▶ What you have to do
There are pictures in the records below; leave them out and set down exactly the lines from the one holding "What you'll need" through the one holding "I hope this".

▶ Data supplied

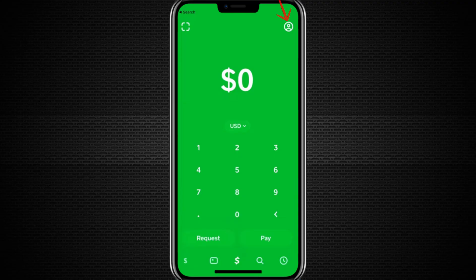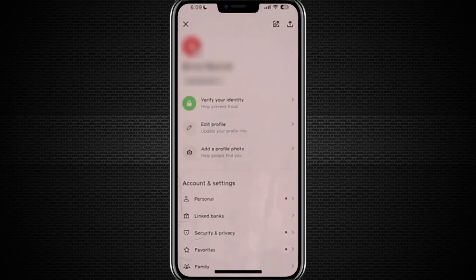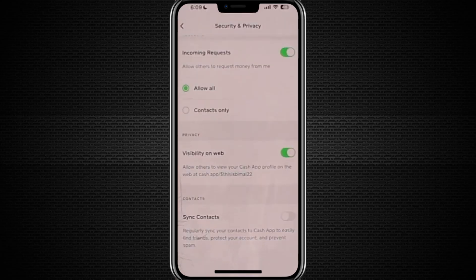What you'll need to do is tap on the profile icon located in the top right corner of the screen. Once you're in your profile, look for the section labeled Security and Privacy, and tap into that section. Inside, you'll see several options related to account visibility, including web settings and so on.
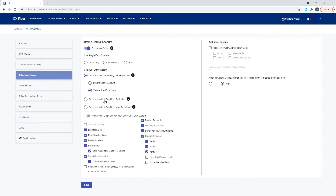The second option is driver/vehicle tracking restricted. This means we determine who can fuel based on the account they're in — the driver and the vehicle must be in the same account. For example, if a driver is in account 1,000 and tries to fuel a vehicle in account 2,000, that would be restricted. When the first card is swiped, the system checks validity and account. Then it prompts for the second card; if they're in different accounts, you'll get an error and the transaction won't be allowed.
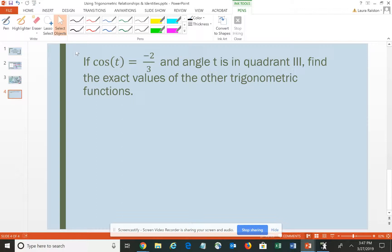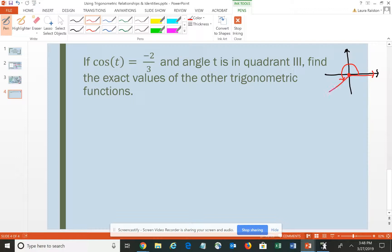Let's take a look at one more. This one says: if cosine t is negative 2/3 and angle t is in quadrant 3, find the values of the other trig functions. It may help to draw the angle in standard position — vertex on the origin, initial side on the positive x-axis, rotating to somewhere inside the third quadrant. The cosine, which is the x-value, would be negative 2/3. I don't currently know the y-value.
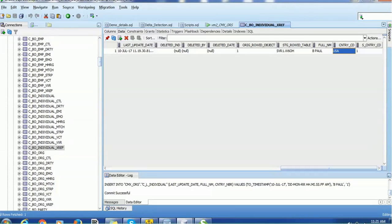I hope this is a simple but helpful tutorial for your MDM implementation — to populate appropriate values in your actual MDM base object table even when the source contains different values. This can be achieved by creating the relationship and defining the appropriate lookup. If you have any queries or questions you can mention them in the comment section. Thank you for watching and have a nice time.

...

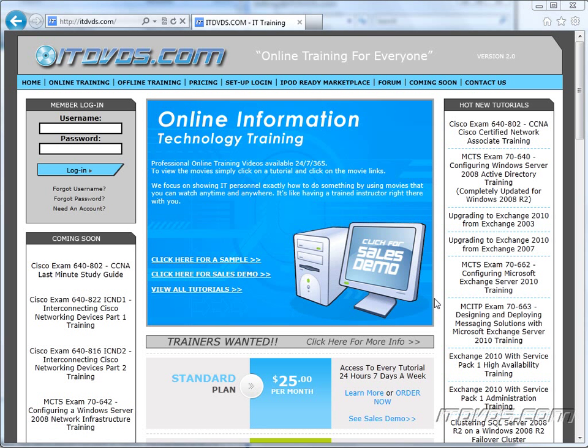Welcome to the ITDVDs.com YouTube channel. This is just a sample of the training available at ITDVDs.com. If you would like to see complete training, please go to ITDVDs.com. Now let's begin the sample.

▶ Solution to the problem
What you'll need to do is tap on the profile icon located in the top right corner of the screen. Once you're in your profile, look for the section labeled Security and Privacy, and tap into that section. Inside, you'll see several options related to account visibility, including web settings and so on.
The second option is driver/vehicle tracking restricted. This means we determine who can fuel based on the account they're in — the driver and the vehicle must be in the same account. For example, if a driver is in account 1,000 and tries to fuel a vehicle in account 2,000, that would be restricted. When the first card is swiped, the system checks validity and account. Then it prompts for the second card; if they're in different accounts, you'll get an error and the transaction won't be allowed.
Let's take a look at one more. This one says: if cosine t is negative 2/3 and angle t is in quadrant 3, find the values of the other trig functions. It may help to draw the angle in standard position — vertex on the origin, initial side on the positive x-axis, rotating to somewhere inside the third quadrant. The cosine, which is the x-value, would be negative 2/3. I don't currently know the y-value.
I hope this is a simple but helpful tutorial for your MDM implementation — to populate appropriate values in your actual MDM base object table even when the source contains different values. This can be achieved by creating the relationship and defining the appropriate lookup. If you have any queries or questions you can mention them in the comment section. Thank you for watching and have a nice time.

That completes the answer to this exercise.